The fact is that, “on the basis of sex” (the words of Title IX, around which the case revolves), there is no plausible, material basis for describing as “female” any individuals who have wholly and unambiguously male bodies, from their chromosomes to their reproductive organs. Arguments premised on “gender identity” are altogether different: They are metaphysical, not material. In “gender identity” theory, instead of a person being a body (as with the argument of biological sex) a person’s true self is located in a body, the nature of which they are free to declare. Because subscribers to “gender identity” theory believe that language is reality, describing a person (however accurately) as belonging to the sex opposite to the sex with which they identify is, they claim, a literal threat to the individual’s existence. But taken apart, this prohibition on “misgendering” (a word coined only in the last decade) is merely a new form of blasphemy. What it really comes down to is I find that offensive! Well, so what? As I’ve written before, for the British news site UnHerd:

[Imagine] if an atheist wanted to have a debate with a Christian about the existence of God. But that, as a condition of the debate, the Christian demanded that the atheist not blaspheme, as well as refer to him throughout as a “child of God”. Further, imagine if those facilitating the debate expected the atheist to acquiesce to this demand or else be considered malicious or ignorant. This is precisely what is happening with the transgender debate every time a non-believer feels obligated to use words such as “transgender”, “gender identity”, or pronouns that do not match the sex of his or her opponent.

In a free society, I suspect that our response to the believer in the above scenario would be to give him short shrift. But in a theocracy, the believer’s word is final. Perniciously, in the guise of “courtesy,” this thinking in relation to gender identity has become the prevailing wisdom.

Even New York Magazine’s Andrew Sullivan, who has written cogently and convincingly on this subject in the past, tweeted in support of Chatigny:

I’m with the judge. Calling trans females “male” is pointlessly offensive. “Trans female” is more accurate. Why does the opposition have to be so callous and hurtful? Their case remains solid without any hurtful slurs. https://twitter.com/nro/status/1259801362629525509

Far from “calling” them names (the correct adjective is “describing”), and far from being a “slur” (the correct noun is “fact”), the term “males” in reference to the individuals in question is both legally precise and scientifically accurate. As for being “callous” and “hurtful,” the only people suggesting that it’s an insult to be male are gender activists themselves.
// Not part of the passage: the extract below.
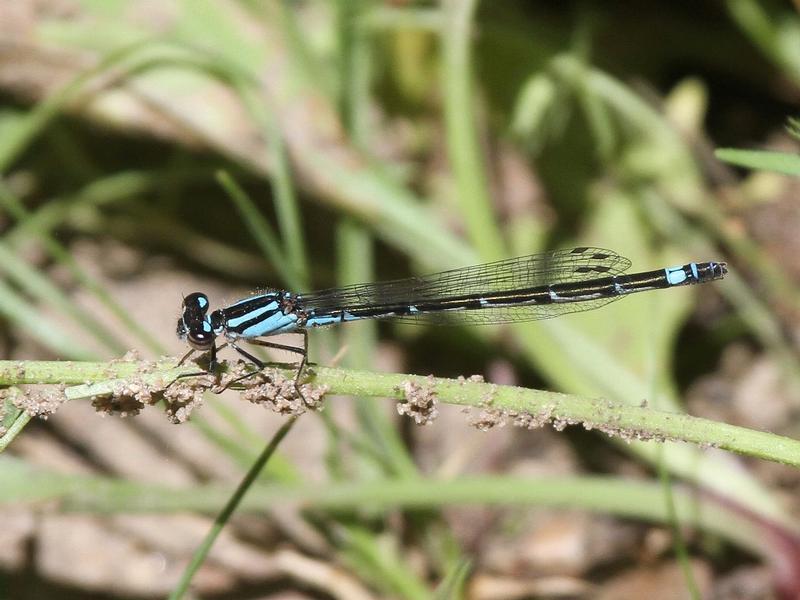 Photo of Skimming Bluet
The Department of Justice put it well last month when it issued its statement on the Connecticut case. “In our pluralistic society we generally try to accommodate how individuals desire to live their lives up to the point where those desires impinge on the other people’s rights,” said Attorney General William Barr  “Allowing biological males to compete in all-female sports deprives women of the opportunity to participate fully and fairly in sports and is fundamentally unfair to female athletes.” Yes, of course, there are all sorts of social situations in which we avoid the plain truth to protect other peoples’ feelings (“No, I can’t tell that you’ve put on weight,” “This fruitcake is delicious”). And in interpersonal and social contexts many people, myself included, don’t mind calling people of good faith what they wish to be called. But in a court of law — as in a public debate — forbidding precise terminology is a tragically naïve concession to make. In making it, one sacrifices arguments as well as principles.

Throughout this country, in the media and in government, the pusillanimity of those who accept the reality of biological sex has proven disastrous, facilitating a monstrous abuse of language, the establishment of an orthodoxy that very few people — observing the facts objectively — could agree with. Now there’s the threat that this dogma will also carry the force of law. There is something comically, albeit tragically, absurd in all this — that in the drama of Biological Sex v. Gender Identity, the restoration of sanity now depends, in part, on three straight-talking teen girls.